Task to carry out>
In this exercise, print only the lines of the records below from the one with "Load image into" through the one with "3/9 AY KIZ BEBE ELBİSELİ TAKIM TAYTLI", inclusive. Pictures are not part of the copy.

Provided material>
☆ ☆ ☆ ☆

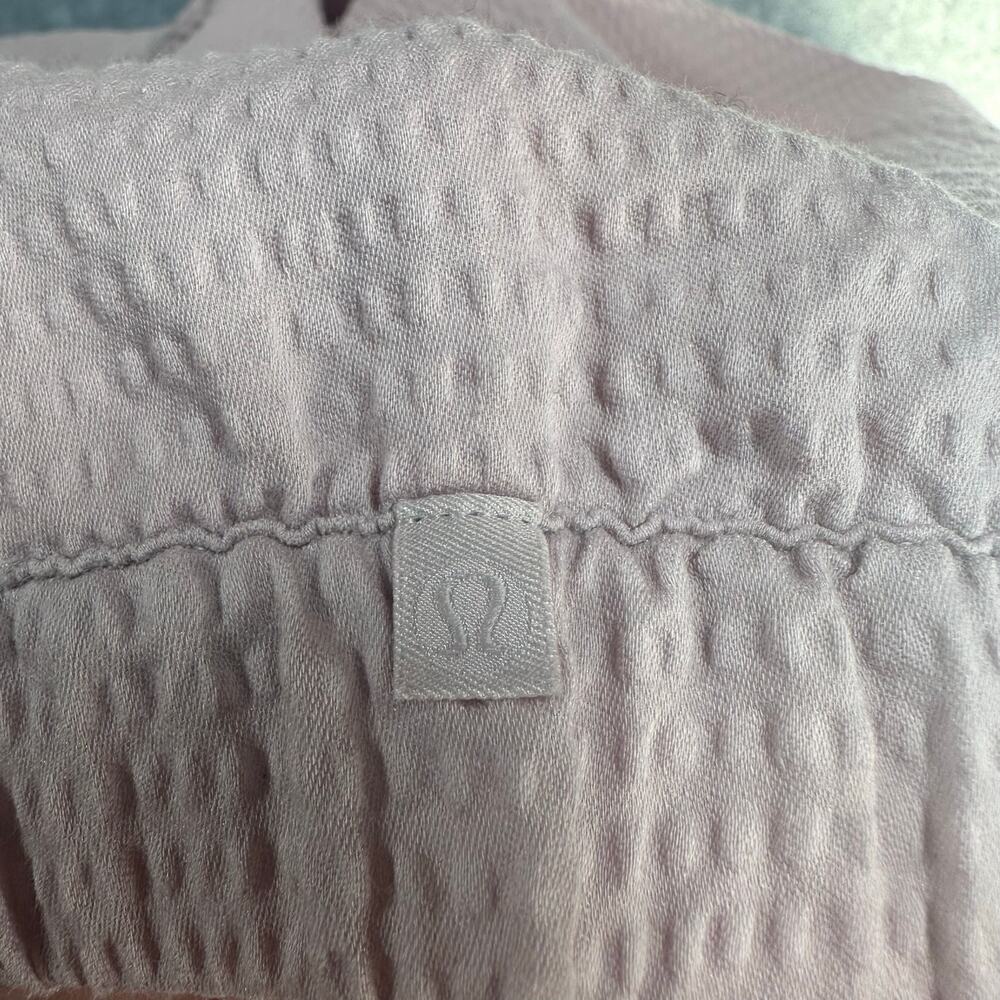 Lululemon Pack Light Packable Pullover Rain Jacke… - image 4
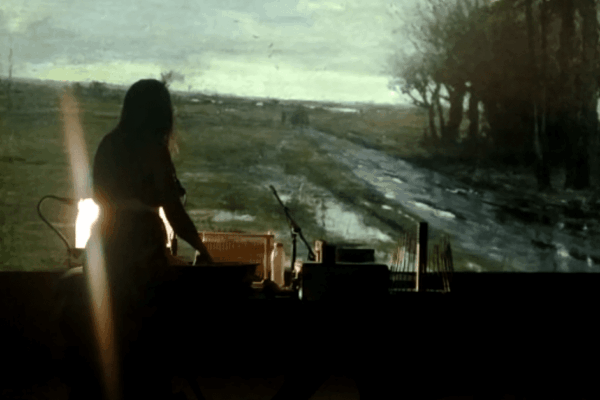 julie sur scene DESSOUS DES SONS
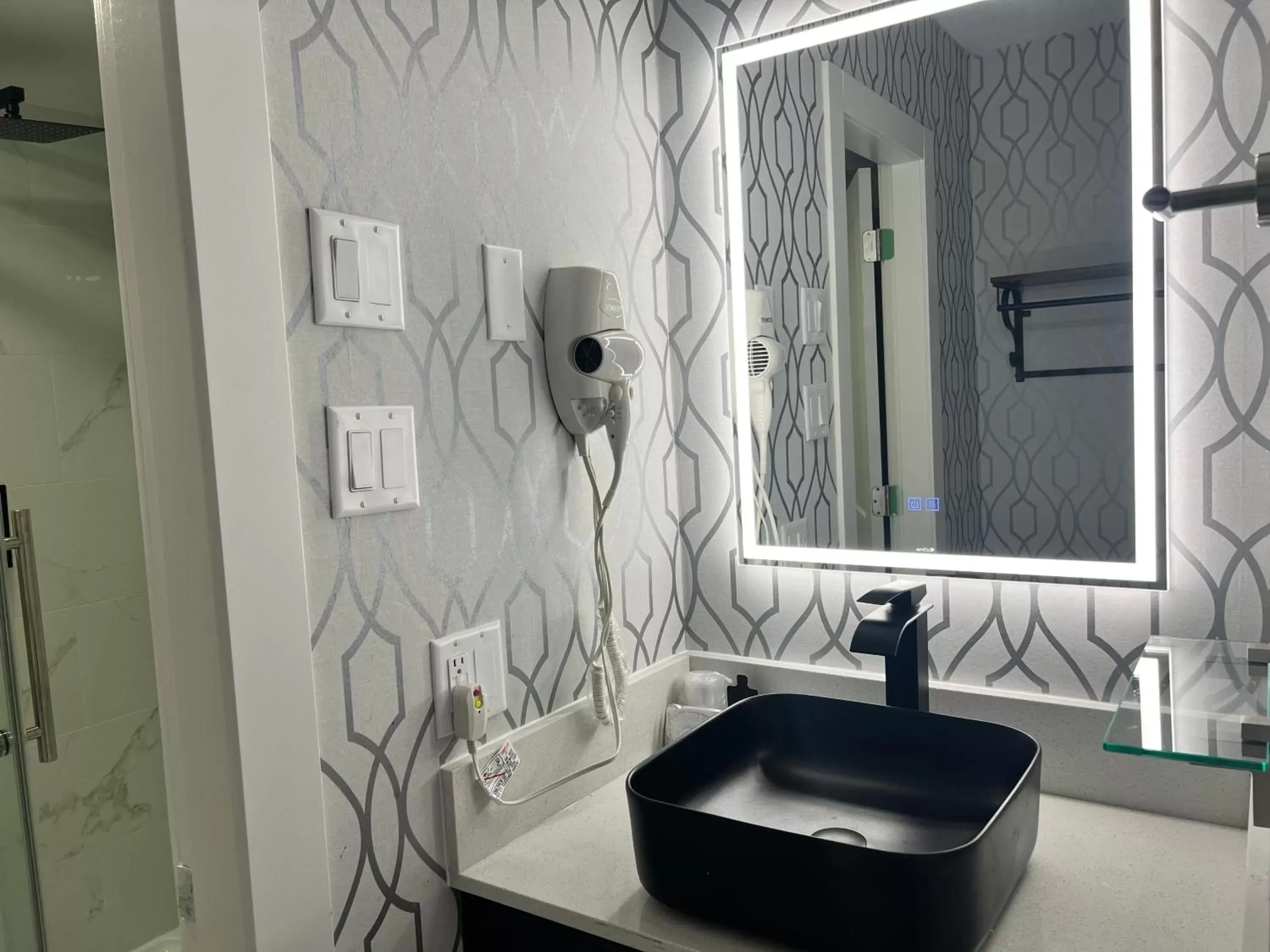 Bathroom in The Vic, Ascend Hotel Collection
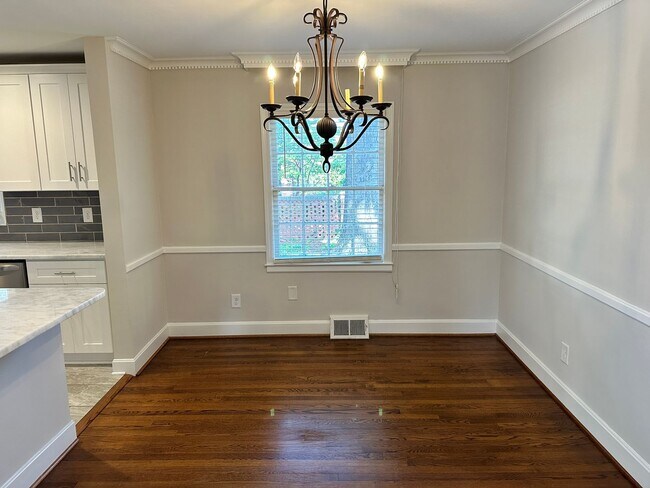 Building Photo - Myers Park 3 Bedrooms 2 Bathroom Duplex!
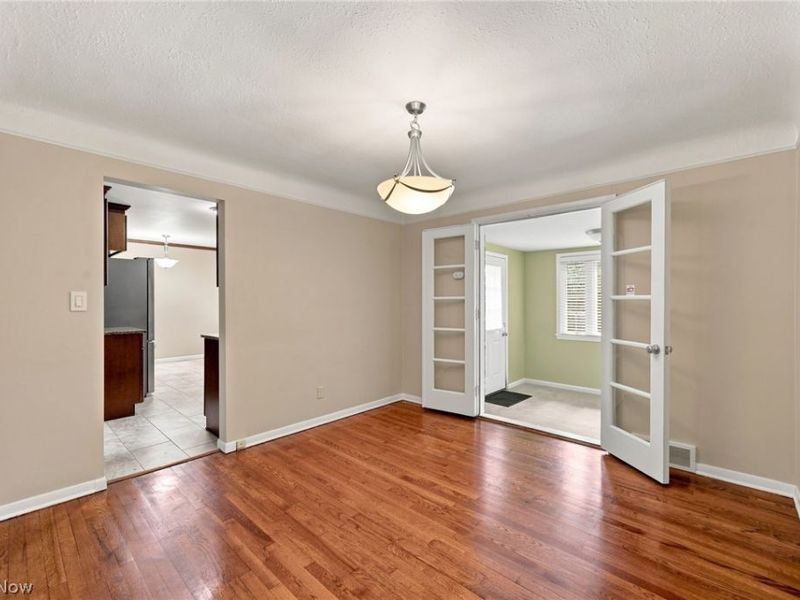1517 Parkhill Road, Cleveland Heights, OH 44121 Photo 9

☆ ☆ ☆ ☆

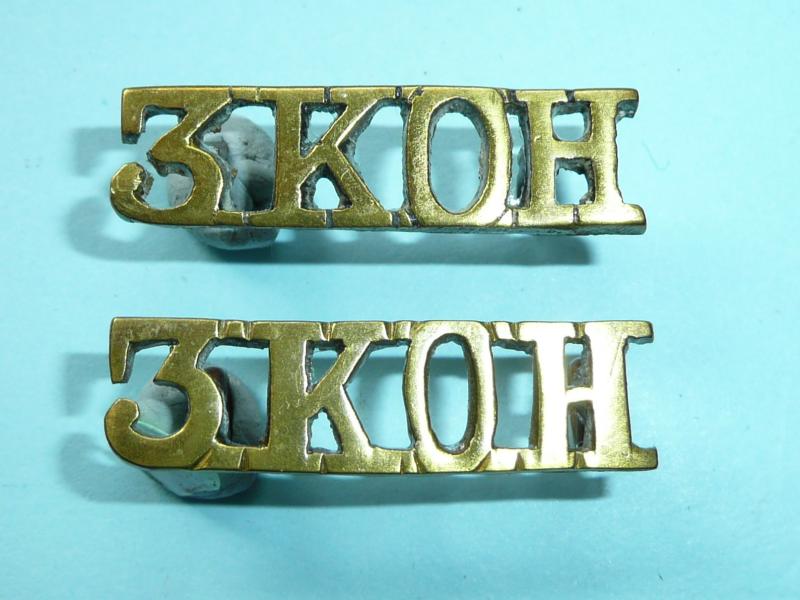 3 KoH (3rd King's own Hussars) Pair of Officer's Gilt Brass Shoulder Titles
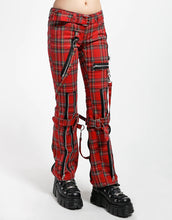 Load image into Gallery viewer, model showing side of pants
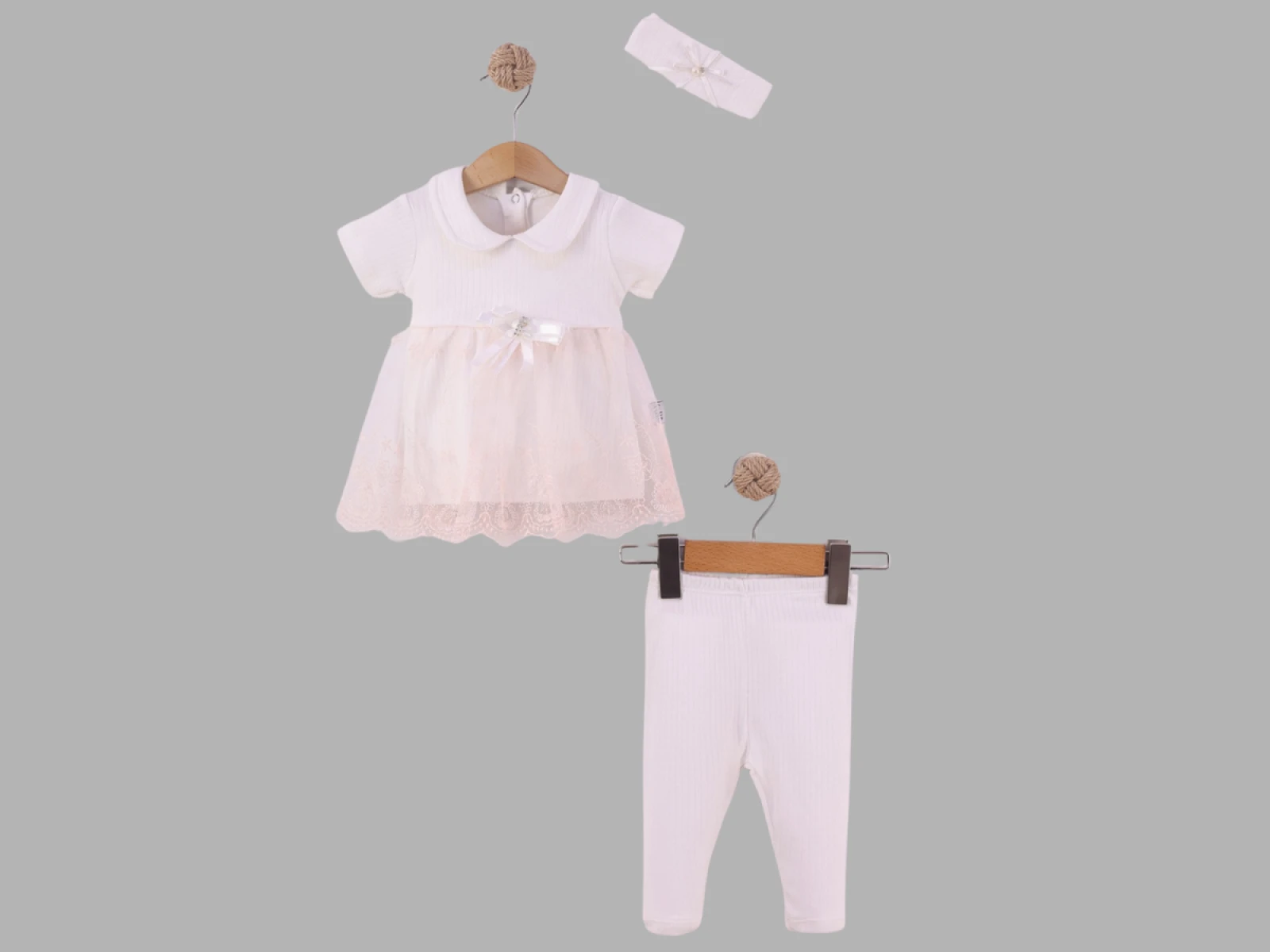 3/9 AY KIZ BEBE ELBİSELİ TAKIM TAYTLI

☆ ☆ ☆ ☆

Answer to this task>
 Load image into Gallery viewer, model showing side of pants
 3/9 AY KIZ BEBE ELBİSELİ TAKIM TAYTLI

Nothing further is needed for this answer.